I have a table that stores the results of queries that are run at least once a day. There's a bit column that represents whether the row is from the most recent run of a particular query with a particular set of arguments. (Yes, it's a functional dependency, but a necessary denormalization for performance, since most queries on this table are only interested in the most recent result.)

Since this bit column is almost always a false value, I'm looking for the best way to tune queries returning only the true values. Partitioning isn't an option (Standard Edition). It seems like making the column SPARSE would be an interesting solution, but I believe that would require me to change the column to nullable and use NULL rather than 0 for false values.
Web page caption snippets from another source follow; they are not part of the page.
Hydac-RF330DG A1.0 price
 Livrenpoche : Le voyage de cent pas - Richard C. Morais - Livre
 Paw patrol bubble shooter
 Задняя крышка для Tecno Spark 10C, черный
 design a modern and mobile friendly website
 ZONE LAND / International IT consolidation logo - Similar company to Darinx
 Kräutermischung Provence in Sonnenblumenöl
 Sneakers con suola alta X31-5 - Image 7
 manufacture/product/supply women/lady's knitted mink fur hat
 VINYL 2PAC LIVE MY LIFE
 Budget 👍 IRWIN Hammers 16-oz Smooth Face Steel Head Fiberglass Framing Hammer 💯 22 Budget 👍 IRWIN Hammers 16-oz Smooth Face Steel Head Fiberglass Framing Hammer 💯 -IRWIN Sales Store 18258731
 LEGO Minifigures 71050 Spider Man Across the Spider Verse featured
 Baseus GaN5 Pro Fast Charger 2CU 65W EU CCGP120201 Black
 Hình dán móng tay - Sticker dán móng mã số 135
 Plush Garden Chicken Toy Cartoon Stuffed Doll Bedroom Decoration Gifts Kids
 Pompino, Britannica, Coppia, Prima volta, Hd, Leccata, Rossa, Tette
Seems a little kludgy.

Is there an option similar to SPARSE that would optimize space/performance for a non-null bit column with mostly (well over 99%) false values?

Pinal Dave's article indicates that both zero and null values are optimized, but this doesn't seem right to me, since these are different values — unless MSSQL is using the same mechanism for non-null columns to indicate the default value. This would be great if it were true, but the BOL doesn't mention this.

Best Answer

A filtered index (WHERE IsMostRecentRun = 1) sounds like a better idea to me than using sparse. If you can make it so that false is instead represented by null, you may be able to do both, but while that will potentially save some space in the base table, I suspect the bigger gain would be in query performance from the filtered index - as long as it's covering. If you need too many columns to cover and/or need to also filter or join on other columns, then you may find a balancing act between the improvements you get from the seek or range scan on the filtered index and the costs of things like lookups to get at the rest of the columns.

That all said, it seems suspicious you would need an additional column to serve as a flag for this. Isn't this information redundant? Can't it be determined by other data? In which case I would focus on index tuning to optimize the use of the existing columns instead of storing and maintaining redundant data.

(Also I don't think Pinal is correct.)